[Web page caption snippets]
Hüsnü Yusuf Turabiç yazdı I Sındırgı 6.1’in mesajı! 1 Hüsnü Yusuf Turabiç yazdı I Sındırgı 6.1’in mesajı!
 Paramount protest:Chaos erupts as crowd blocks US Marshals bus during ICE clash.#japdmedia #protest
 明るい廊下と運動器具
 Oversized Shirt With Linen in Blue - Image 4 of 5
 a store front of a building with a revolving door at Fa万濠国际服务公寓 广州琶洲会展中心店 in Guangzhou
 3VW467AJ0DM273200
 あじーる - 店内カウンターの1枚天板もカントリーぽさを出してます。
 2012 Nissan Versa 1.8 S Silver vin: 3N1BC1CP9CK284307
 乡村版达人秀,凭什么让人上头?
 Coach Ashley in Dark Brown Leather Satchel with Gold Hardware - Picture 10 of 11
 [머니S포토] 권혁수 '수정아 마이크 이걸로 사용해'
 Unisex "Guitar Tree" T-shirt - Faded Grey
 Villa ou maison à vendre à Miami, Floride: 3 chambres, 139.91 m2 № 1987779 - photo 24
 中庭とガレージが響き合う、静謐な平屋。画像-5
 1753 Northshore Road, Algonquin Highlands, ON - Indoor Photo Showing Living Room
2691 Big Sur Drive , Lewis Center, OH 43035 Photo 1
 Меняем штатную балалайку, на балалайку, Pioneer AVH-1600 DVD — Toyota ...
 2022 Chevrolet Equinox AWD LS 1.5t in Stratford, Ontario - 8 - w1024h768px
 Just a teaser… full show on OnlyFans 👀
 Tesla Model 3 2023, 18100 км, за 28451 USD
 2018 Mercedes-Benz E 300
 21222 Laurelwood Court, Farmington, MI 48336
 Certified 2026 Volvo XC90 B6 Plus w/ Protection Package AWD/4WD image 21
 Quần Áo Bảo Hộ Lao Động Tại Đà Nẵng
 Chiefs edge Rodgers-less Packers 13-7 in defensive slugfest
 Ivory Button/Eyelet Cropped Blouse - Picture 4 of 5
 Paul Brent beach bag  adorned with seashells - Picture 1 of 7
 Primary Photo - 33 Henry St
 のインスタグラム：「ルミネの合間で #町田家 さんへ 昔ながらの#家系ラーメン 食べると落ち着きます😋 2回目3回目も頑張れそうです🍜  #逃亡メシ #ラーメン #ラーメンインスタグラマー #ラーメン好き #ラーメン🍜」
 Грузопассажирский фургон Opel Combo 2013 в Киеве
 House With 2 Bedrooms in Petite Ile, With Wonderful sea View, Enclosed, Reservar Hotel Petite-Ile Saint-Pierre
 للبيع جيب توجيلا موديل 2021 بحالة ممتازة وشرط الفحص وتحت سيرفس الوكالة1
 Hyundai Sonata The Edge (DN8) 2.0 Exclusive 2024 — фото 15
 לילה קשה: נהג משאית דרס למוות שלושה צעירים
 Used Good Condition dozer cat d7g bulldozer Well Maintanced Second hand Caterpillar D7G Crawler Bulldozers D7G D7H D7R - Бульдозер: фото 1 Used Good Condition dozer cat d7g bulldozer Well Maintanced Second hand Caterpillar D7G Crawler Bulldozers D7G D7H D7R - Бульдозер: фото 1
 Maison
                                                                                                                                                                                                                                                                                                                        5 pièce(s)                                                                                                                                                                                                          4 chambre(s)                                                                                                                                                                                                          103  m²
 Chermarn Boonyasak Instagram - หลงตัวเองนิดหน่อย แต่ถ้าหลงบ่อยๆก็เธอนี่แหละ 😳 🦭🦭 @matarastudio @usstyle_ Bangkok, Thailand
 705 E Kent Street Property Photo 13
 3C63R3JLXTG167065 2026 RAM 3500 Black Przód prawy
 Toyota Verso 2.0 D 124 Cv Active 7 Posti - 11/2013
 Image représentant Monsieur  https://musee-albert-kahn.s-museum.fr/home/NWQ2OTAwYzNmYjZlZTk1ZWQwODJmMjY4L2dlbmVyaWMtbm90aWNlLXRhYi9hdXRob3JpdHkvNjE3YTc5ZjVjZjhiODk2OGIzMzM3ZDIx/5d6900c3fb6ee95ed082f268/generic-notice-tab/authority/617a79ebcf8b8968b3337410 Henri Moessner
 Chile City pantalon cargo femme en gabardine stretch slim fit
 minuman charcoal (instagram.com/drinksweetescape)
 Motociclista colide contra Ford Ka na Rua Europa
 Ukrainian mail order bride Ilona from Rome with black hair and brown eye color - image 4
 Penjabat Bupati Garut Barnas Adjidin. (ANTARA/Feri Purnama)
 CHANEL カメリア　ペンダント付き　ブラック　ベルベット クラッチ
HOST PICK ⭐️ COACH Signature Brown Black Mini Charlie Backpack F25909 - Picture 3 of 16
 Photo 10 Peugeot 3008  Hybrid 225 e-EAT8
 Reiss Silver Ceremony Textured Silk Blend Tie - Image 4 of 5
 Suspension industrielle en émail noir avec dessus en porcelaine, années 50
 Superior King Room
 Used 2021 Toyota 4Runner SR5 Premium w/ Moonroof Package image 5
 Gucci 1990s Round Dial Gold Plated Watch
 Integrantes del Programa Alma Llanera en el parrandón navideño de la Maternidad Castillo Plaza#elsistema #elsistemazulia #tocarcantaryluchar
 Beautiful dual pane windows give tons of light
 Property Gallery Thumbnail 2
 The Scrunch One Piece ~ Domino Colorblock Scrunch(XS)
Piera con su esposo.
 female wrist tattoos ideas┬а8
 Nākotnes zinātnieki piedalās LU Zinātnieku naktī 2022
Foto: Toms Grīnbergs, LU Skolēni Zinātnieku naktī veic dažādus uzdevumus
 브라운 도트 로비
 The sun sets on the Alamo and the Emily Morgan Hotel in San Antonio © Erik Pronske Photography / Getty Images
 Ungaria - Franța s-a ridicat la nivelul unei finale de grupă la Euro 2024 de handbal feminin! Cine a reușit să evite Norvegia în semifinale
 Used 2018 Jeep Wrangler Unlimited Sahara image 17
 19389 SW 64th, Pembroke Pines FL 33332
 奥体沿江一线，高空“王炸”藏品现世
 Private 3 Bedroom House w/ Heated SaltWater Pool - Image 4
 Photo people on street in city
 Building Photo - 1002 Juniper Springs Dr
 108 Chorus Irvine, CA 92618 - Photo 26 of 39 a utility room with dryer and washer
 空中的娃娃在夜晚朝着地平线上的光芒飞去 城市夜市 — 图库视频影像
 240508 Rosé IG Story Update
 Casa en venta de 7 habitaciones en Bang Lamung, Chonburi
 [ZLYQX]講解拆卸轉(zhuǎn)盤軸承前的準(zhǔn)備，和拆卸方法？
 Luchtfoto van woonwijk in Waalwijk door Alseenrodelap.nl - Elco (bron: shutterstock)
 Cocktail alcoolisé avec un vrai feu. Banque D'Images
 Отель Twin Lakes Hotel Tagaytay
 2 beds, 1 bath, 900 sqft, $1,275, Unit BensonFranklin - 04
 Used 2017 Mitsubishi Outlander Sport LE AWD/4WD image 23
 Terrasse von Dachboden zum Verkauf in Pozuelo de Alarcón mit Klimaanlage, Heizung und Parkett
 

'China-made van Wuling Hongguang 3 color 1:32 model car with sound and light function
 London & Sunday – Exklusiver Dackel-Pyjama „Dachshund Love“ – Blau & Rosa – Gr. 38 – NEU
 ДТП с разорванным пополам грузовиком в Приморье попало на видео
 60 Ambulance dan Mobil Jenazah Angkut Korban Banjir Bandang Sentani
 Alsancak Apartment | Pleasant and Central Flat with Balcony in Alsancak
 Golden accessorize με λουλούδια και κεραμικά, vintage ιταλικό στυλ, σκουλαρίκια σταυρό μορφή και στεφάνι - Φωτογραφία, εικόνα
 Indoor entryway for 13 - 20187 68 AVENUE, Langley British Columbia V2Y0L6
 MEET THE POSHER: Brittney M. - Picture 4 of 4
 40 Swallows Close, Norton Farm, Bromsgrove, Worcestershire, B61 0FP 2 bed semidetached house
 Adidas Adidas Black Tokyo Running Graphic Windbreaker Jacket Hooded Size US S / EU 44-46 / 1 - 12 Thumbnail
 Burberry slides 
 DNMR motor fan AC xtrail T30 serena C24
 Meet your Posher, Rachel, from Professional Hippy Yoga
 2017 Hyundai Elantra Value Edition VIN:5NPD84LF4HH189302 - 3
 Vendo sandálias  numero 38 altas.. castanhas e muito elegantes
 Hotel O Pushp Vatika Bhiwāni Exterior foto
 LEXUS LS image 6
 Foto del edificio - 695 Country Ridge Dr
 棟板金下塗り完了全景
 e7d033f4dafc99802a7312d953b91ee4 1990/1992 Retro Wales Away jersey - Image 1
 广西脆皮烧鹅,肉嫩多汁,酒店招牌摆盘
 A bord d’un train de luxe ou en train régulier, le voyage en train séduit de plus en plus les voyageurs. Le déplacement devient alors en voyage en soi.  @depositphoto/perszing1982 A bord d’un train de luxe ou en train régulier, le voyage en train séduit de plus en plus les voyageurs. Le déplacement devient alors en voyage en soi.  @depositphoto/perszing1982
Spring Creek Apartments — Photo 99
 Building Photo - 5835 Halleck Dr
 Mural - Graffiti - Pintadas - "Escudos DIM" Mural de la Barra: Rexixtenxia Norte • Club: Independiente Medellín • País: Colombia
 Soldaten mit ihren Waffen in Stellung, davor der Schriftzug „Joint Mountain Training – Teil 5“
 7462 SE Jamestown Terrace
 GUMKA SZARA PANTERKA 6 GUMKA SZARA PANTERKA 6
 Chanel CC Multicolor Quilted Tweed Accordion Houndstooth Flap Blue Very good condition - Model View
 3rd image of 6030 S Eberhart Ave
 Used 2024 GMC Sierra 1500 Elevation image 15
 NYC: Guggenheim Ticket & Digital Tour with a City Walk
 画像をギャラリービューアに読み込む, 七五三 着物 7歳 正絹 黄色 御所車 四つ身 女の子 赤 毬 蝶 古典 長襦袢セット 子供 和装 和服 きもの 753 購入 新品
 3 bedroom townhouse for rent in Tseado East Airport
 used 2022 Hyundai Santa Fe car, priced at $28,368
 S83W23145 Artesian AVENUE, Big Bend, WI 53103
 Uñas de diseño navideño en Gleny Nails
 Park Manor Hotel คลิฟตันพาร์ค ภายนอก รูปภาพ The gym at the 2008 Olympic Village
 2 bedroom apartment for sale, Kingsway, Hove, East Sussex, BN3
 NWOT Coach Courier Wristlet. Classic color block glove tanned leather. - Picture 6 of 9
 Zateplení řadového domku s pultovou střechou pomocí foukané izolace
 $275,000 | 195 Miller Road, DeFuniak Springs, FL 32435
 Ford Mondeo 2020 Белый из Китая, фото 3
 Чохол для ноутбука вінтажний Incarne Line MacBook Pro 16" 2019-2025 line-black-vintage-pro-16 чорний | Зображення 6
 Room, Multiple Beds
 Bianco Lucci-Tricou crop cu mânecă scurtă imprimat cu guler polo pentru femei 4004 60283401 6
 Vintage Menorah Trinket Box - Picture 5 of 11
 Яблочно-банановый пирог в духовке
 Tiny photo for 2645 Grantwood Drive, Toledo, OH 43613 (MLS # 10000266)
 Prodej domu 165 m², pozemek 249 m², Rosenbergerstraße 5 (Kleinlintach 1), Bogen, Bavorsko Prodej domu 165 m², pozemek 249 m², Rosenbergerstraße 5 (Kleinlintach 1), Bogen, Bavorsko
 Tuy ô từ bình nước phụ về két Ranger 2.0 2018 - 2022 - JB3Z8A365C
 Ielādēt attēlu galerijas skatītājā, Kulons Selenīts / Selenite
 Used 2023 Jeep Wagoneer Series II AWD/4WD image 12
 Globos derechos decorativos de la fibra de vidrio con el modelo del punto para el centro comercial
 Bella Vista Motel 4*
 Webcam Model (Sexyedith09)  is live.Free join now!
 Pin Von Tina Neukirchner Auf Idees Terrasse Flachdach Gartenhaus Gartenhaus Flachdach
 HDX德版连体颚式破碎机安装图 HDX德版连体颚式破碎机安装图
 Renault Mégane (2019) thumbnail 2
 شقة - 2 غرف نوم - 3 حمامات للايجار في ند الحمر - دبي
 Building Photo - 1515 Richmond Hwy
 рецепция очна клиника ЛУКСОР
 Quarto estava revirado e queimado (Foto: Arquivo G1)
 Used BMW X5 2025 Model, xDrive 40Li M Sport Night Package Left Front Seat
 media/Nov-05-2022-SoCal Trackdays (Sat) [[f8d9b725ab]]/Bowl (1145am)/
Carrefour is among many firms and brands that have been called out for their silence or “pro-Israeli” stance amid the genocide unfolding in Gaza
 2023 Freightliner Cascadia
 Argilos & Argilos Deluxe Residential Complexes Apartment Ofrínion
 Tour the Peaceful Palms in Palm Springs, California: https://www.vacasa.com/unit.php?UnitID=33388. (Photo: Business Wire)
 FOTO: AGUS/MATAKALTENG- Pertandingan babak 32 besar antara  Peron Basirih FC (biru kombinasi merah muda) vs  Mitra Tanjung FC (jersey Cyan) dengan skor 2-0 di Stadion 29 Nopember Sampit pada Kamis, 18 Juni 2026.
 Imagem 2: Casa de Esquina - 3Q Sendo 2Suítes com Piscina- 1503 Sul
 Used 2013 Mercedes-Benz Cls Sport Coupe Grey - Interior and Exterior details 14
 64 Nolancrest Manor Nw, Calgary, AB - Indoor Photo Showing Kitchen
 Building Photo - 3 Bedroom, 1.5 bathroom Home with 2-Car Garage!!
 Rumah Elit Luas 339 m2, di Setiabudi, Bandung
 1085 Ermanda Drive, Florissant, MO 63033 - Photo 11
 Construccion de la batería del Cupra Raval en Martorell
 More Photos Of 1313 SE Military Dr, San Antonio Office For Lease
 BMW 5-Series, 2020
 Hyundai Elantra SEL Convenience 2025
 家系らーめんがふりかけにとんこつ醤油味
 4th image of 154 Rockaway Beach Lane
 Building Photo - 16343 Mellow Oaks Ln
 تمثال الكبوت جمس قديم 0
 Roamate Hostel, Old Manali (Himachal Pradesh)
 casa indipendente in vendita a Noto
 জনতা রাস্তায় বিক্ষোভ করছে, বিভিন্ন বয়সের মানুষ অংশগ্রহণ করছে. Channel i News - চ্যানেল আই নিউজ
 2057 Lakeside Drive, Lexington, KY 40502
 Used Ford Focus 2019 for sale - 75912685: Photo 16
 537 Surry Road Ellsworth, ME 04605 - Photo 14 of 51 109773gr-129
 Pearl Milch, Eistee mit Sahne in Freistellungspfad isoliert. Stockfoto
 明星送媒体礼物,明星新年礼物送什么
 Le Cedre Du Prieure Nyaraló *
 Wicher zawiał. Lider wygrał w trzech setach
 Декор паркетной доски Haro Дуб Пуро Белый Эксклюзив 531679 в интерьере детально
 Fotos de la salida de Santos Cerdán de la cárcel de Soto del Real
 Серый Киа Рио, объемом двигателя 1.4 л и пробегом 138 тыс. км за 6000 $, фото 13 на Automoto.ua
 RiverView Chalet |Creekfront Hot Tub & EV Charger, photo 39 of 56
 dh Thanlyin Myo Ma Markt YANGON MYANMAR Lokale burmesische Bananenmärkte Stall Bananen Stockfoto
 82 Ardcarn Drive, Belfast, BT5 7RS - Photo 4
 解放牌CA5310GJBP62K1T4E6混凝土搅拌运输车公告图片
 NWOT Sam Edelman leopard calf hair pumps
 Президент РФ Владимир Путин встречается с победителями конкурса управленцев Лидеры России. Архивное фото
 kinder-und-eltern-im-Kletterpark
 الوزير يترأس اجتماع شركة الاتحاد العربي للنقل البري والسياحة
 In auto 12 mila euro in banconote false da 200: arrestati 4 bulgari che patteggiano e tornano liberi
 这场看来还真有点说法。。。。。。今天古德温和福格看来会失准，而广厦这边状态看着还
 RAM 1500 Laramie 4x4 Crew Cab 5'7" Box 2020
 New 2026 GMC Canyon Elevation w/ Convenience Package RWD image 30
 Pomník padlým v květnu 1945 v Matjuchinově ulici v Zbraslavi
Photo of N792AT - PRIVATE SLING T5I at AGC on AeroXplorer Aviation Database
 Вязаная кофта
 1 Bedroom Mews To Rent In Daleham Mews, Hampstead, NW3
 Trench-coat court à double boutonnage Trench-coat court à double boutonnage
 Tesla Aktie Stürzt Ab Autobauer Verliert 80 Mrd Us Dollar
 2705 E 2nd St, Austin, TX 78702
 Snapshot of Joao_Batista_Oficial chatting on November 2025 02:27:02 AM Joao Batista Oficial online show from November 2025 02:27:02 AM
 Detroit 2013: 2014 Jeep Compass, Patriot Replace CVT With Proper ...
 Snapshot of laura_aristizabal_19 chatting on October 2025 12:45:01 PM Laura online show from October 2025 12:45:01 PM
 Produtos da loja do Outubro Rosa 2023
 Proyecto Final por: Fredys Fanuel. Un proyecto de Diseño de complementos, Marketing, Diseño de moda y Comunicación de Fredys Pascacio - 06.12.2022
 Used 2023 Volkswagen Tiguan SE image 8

**Task goal**
Look above for the line that contains "The Scrunch One". Starting there, transcribe every line exactly until you have copied the line that contains "DNMR motor fan AC xtrail T30 serena C24".

**Response to the task**
 The Scrunch One Piece ~ Domino Colorblock Scrunch(XS)
Piera con su esposo.
 female wrist tattoos ideas┬а8
 Nākotnes zinātnieki piedalās LU Zinātnieku naktī 2022
Foto: Toms Grīnbergs, LU Skolēni Zinātnieku naktī veic dažādus uzdevumus
 브라운 도트 로비
 The sun sets on the Alamo and the Emily Morgan Hotel in San Antonio © Erik Pronske Photography / Getty Images
 Ungaria - Franța s-a ridicat la nivelul unei finale de grupă la Euro 2024 de handbal feminin! Cine a reușit să evite Norvegia în semifinale
 Used 2018 Jeep Wrangler Unlimited Sahara image 17
 19389 SW 64th, Pembroke Pines FL 33332
 奥体沿江一线，高空“王炸”藏品现世
 Private 3 Bedroom House w/ Heated SaltWater Pool - Image 4
 Photo people on street in city
 Building Photo - 1002 Juniper Springs Dr
 108 Chorus Irvine, CA 92618 - Photo 26 of 39 a utility room with dryer and washer
 空中的娃娃在夜晚朝着地平线上的光芒飞去 城市夜市 — 图库视频影像
 240508 Rosé IG Story Update
 Casa en venta de 7 habitaciones en Bang Lamung, Chonburi
 [ZLYQX]講解拆卸轉(zhuǎn)盤軸承前的準(zhǔn)備，和拆卸方法？
 Luchtfoto van woonwijk in Waalwijk door Alseenrodelap.nl - Elco (bron: shutterstock)
 Cocktail alcoolisé avec un vrai feu. Banque D'Images
 Отель Twin Lakes Hotel Tagaytay
 2 beds, 1 bath, 900 sqft, $1,275, Unit BensonFranklin - 04
 Used 2017 Mitsubishi Outlander Sport LE AWD/4WD image 23
 Terrasse von Dachboden zum Verkauf in Pozuelo de Alarcón mit Klimaanlage, Heizung und Parkett
 

'China-made van Wuling Hongguang 3 color 1:32 model car with sound and light function
 London & Sunday – Exklusiver Dackel-Pyjama „Dachshund Love“ – Blau & Rosa – Gr. 38 – NEU
 ДТП с разорванным пополам грузовиком в Приморье попало на видео
 60 Ambulance dan Mobil Jenazah Angkut Korban Banjir Bandang Sentani
 Alsancak Apartment | Pleasant and Central Flat with Balcony in Alsancak
 Golden accessorize με λουλούδια και κεραμικά, vintage ιταλικό στυλ, σκουλαρίκια σταυρό μορφή και στεφάνι - Φωτογραφία, εικόνα
 Indoor entryway for 13 - 20187 68 AVENUE, Langley British Columbia V2Y0L6
 MEET THE POSHER: Brittney M. - Picture 4 of 4
 40 Swallows Close, Norton Farm, Bromsgrove, Worcestershire, B61 0FP 2 bed semidetached house
 Adidas Adidas Black Tokyo Running Graphic Windbreaker Jacket Hooded Size US S / EU 44-46 / 1 - 12 Thumbnail
 Burberry slides 
 DNMR motor fan AC xtrail T30 serena C24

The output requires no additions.